*** Provided data ***

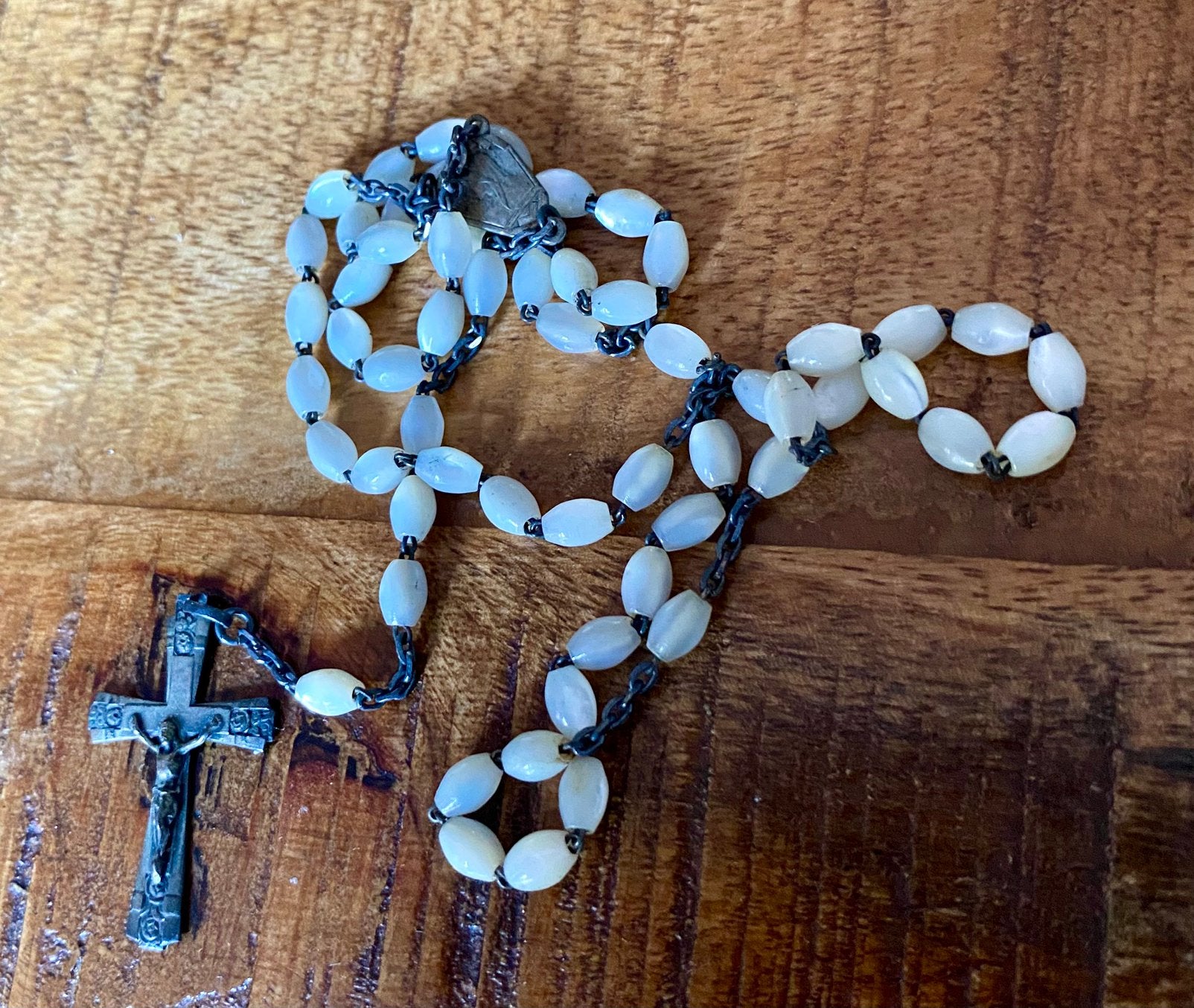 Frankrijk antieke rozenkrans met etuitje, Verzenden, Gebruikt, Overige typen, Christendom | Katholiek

*** End of Provided data ***
*** Provided data ***

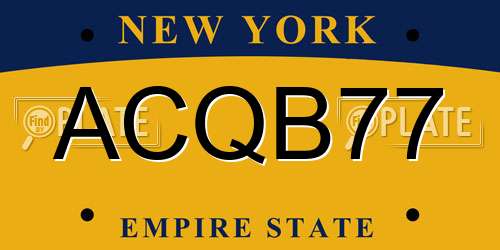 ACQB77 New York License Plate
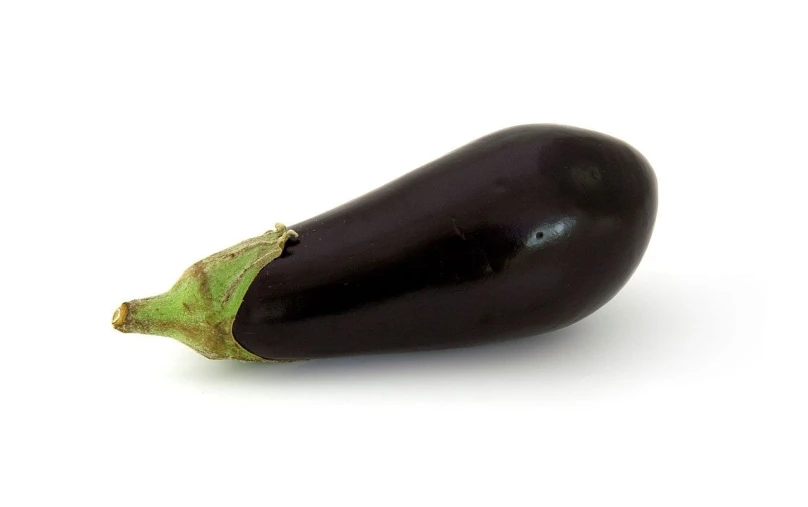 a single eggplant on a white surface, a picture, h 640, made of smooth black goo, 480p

*** End of Provided data ***

What you return from the records above should be exactly everything from the line with "ACQB77 New York License Plate" down to the line with "a single eggplant", both kept, and no pictures.

**Result**
 ACQB77 New York License Plate
 a single eggplant on a white surface, a picture, h 640, made of smooth black goo, 480p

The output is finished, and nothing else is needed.